**The data**
= Beginning of Section =

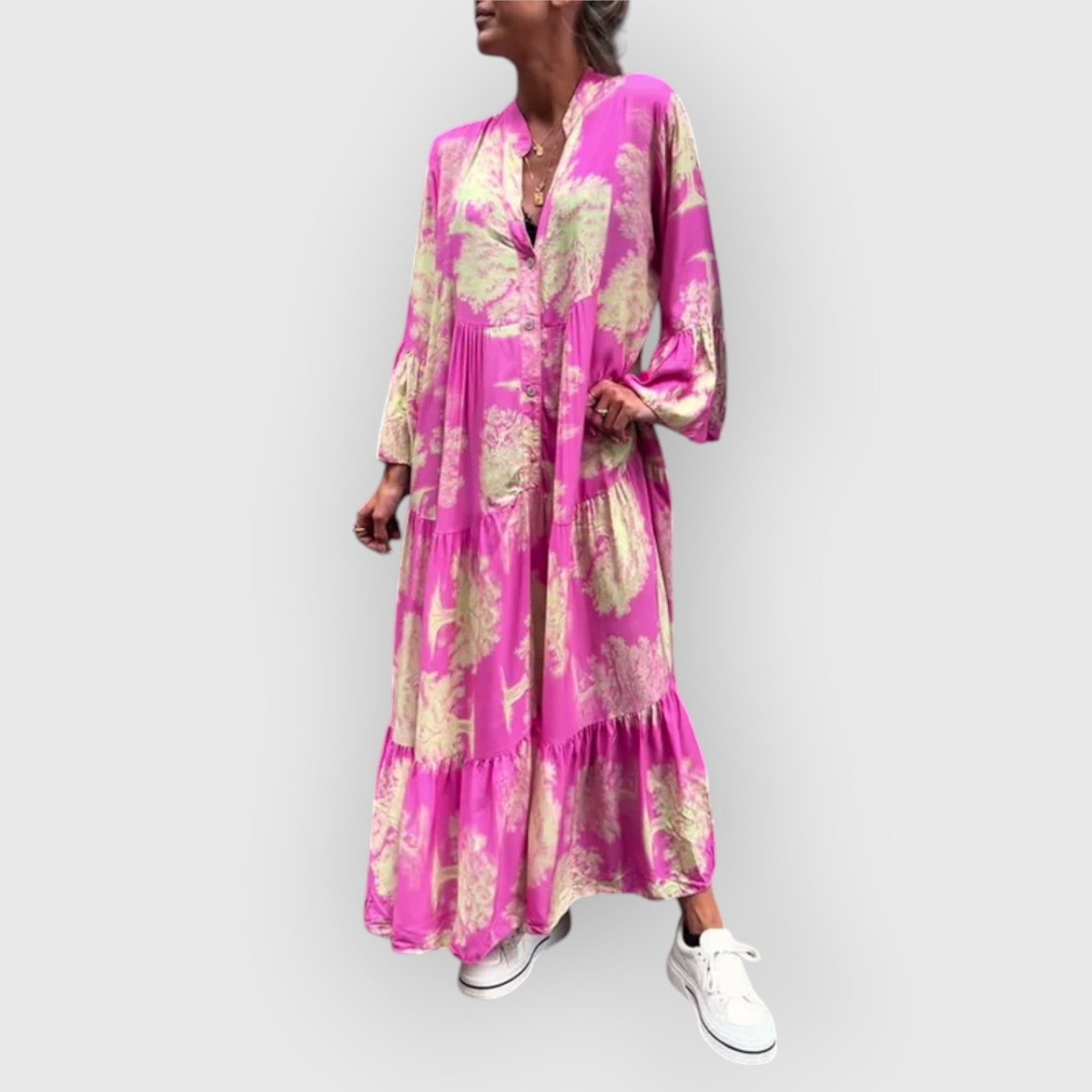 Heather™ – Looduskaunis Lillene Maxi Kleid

= End of Section =
= Beginning of Section =

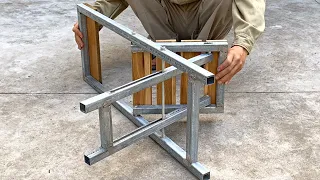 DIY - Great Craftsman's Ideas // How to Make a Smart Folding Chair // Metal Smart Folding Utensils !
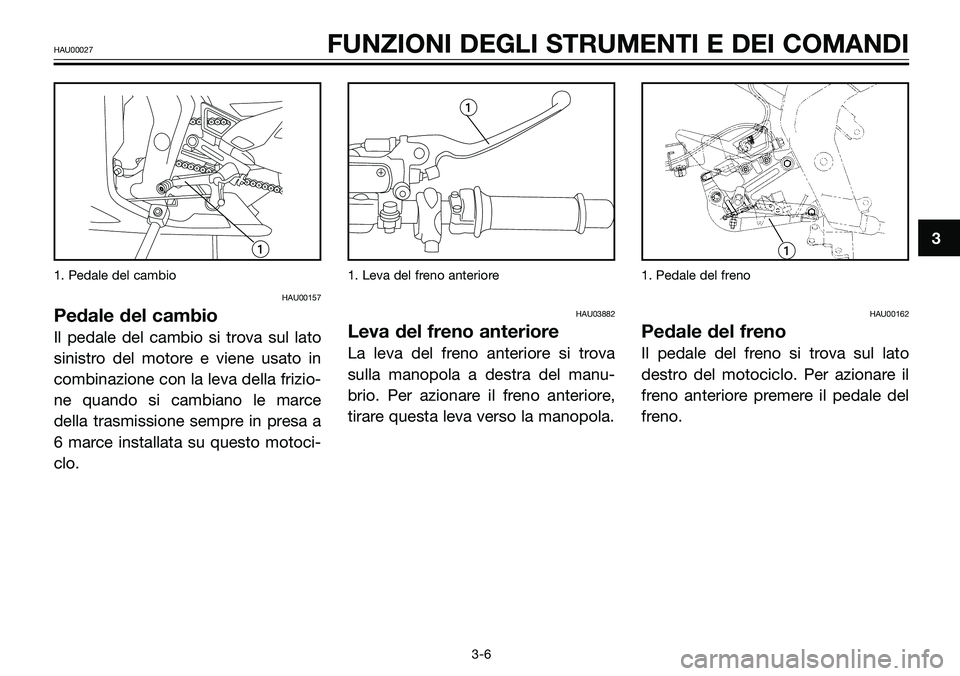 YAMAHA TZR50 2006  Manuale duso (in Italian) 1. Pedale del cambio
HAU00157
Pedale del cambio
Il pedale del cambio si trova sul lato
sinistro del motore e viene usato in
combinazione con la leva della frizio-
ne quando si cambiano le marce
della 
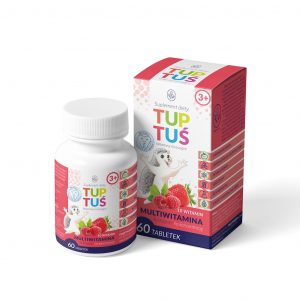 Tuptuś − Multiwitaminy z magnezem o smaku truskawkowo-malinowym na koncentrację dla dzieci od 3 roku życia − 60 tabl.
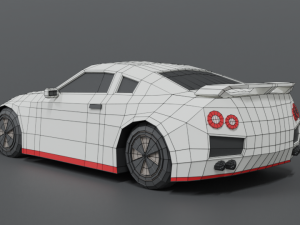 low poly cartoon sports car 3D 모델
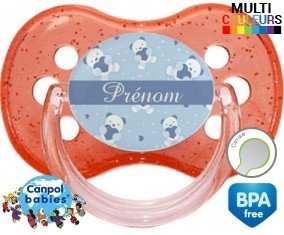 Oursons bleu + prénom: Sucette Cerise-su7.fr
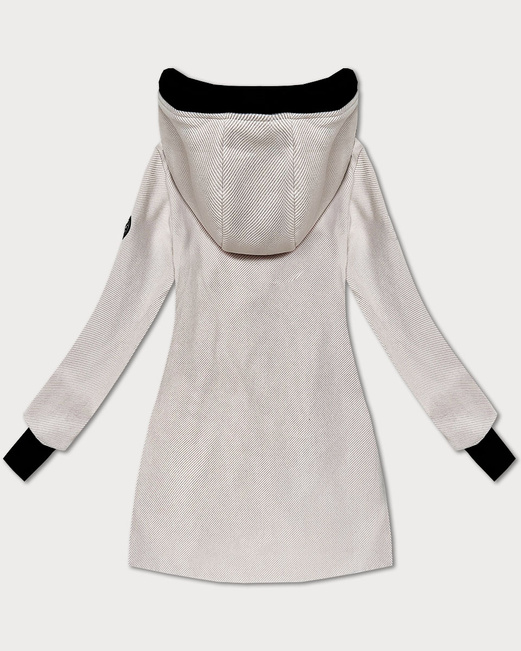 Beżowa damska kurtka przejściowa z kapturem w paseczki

= End of Section =

**What is needed**
Return exactly the lines above, from the one with "Tuptuś − Multiwitaminy" up to and including the one with "Beżowa damska kurtka", and include no pictures.

**Output for this task**
 Tuptuś − Multiwitaminy z magnezem o smaku truskawkowo-malinowym na koncentrację dla dzieci od 3 roku życia − 60 tabl.
 low poly cartoon sports car 3D 모델
 Oursons bleu + prénom: Sucette Cerise-su7.fr
 Beżowa damska kurtka przejściowa z kapturem w paseczki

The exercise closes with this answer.